* _Task instructions_: Wherever a picture appears in the listing, leave it out, and copy the rest exactly.

* _The data_:
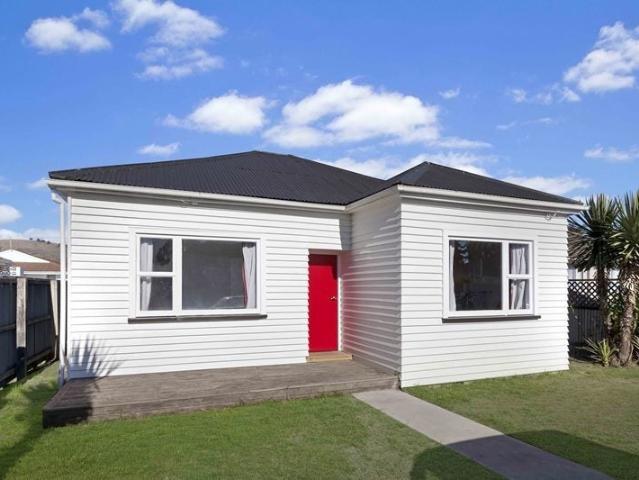 House for rent in Chaslands, Canterbury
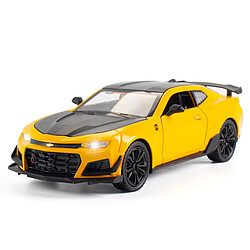 Universal 1/24 Moule en alliage Moulé Voiture de sport Modèle Voiture de jouet Simulation Son Lampe Retraite Jouet de collection de cadeaux pour enfants | Voiture de jouet moulée sous pression (jaune)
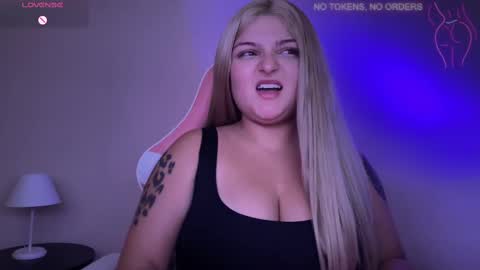 Amandha online show from March 4, 8:27 pm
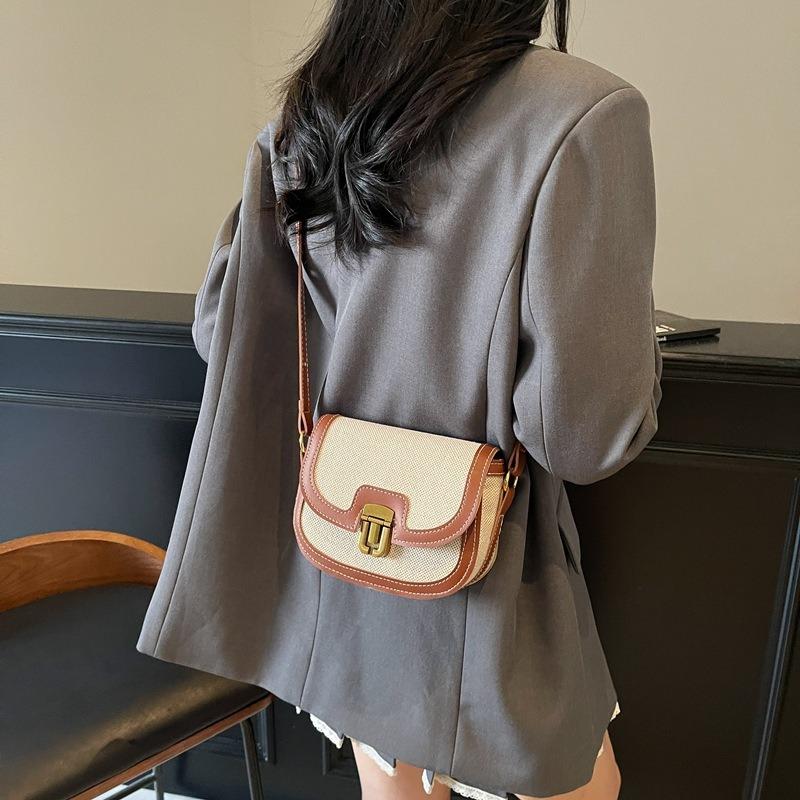 New Niche Contrasting Color Single Shoulder Crossbody Saddle Bag Fashionable Retro Trend Versatile Armpit Bag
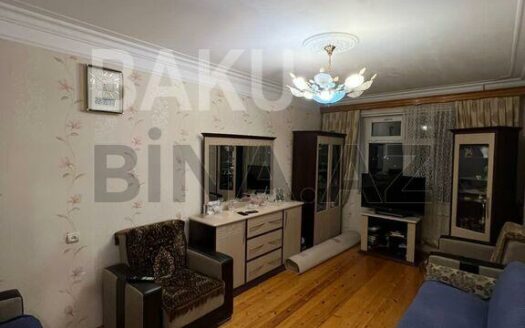 3 Room Old Apartment for Sale in Baku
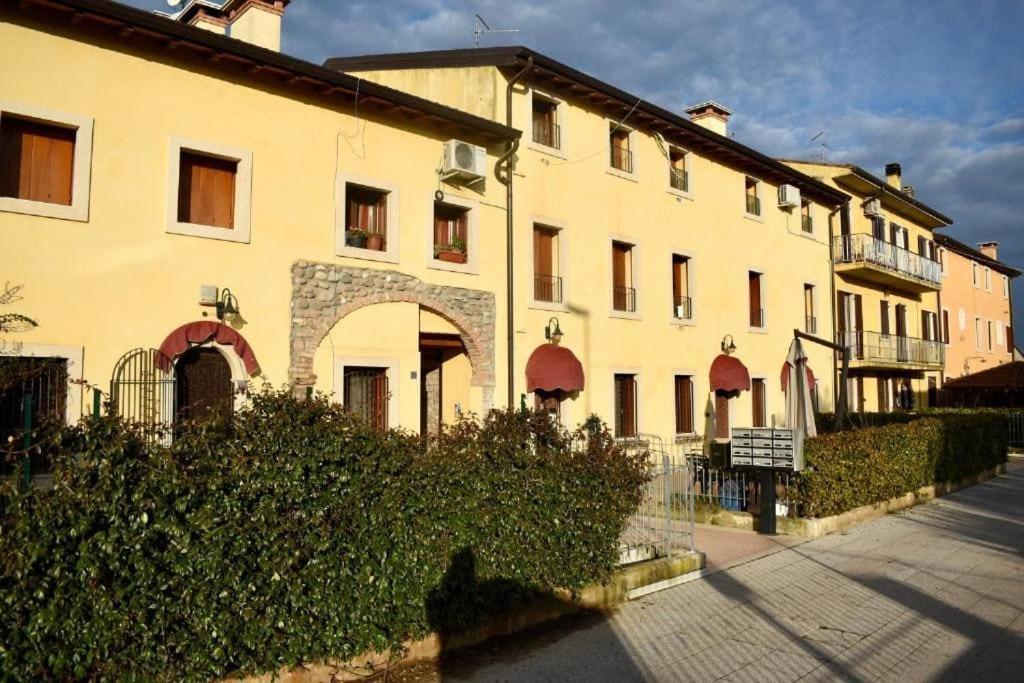 Ferienwohnung Casa Giulia - Valeggio Sul Mincio Exterior foto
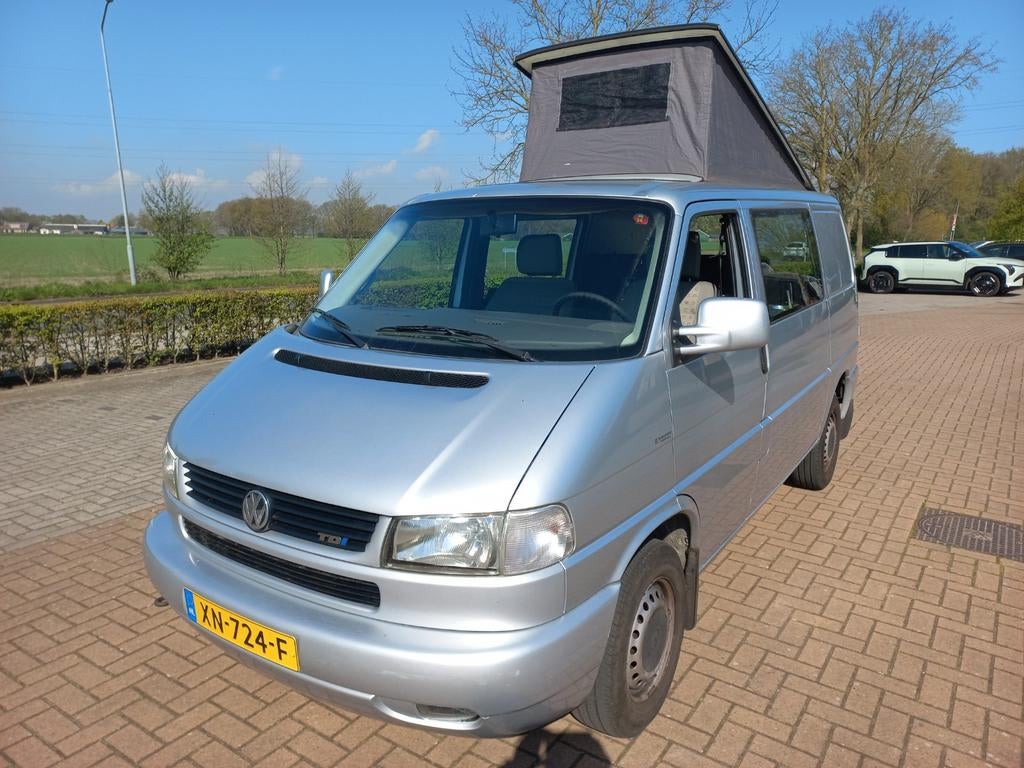 Volkswagen Transporter T4 Camper  5 Cilinder Cruis Opendak, Auto's, Voorwielaandrijving, Stof, Overige carrosserieën, Origineel Nederlands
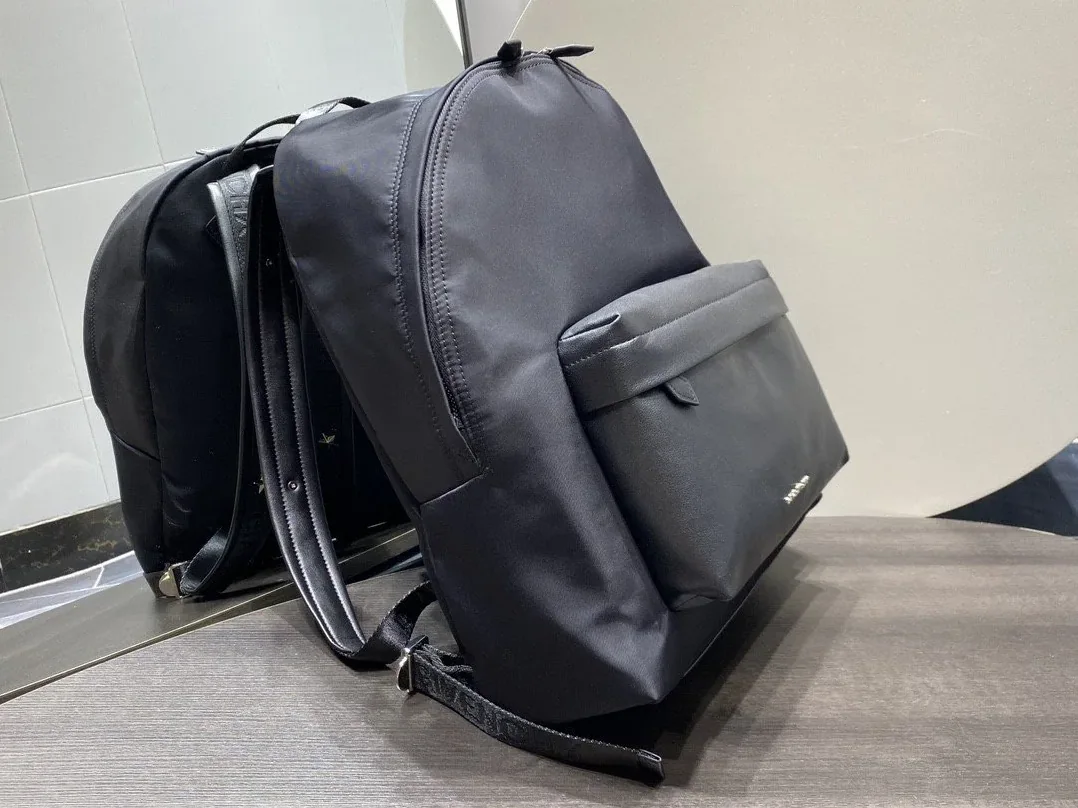 Givenchy Essentiel U Backpack Black , Backpacks in GVC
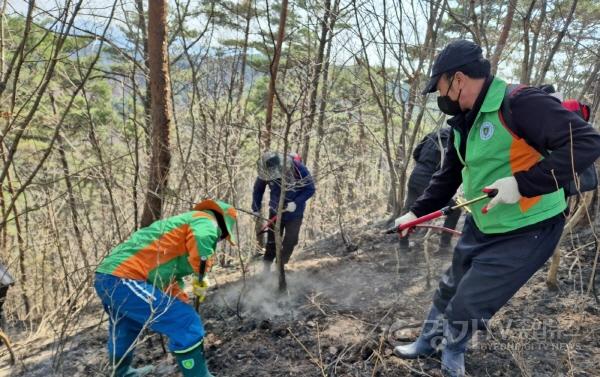 [크기변환]7-5. 화성특례시 자율방재단이 산불 피해지역에서 잔불 제거 작업하고 있다.jpg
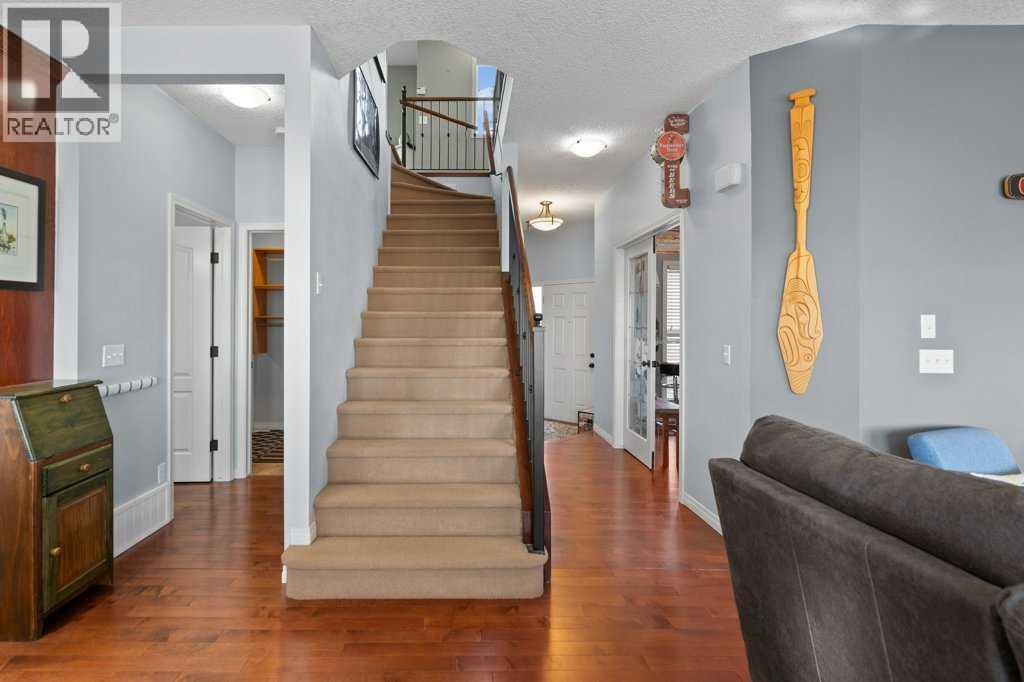 61 Boulder Creek Manor Se, Langdon, Alberta  T0J 1X3 - Photo 12 - A2268451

* _Response_:
 House for rent in Chaslands, Canterbury
 Universal 1/24 Moule en alliage Moulé Voiture de sport Modèle Voiture de jouet Simulation Son Lampe Retraite Jouet de collection de cadeaux pour enfants | Voiture de jouet moulée sous pression (jaune)
 Amandha online show from March 4, 8:27 pm
 New Niche Contrasting Color Single Shoulder Crossbody Saddle Bag Fashionable Retro Trend Versatile Armpit Bag
 3 Room Old Apartment for Sale in Baku
 Ferienwohnung Casa Giulia - Valeggio Sul Mincio Exterior foto
 Volkswagen Transporter T4 Camper  5 Cilinder Cruis Opendak, Auto's, Voorwielaandrijving, Stof, Overige carrosserieën, Origineel Nederlands
 Givenchy Essentiel U Backpack Black , Backpacks in GVC
 [크기변환]7-5. 화성특례시 자율방재단이 산불 피해지역에서 잔불 제거 작업하고 있다.jpg
 61 Boulder Creek Manor Se, Langdon, Alberta  T0J 1X3 - Photo 12 - A2268451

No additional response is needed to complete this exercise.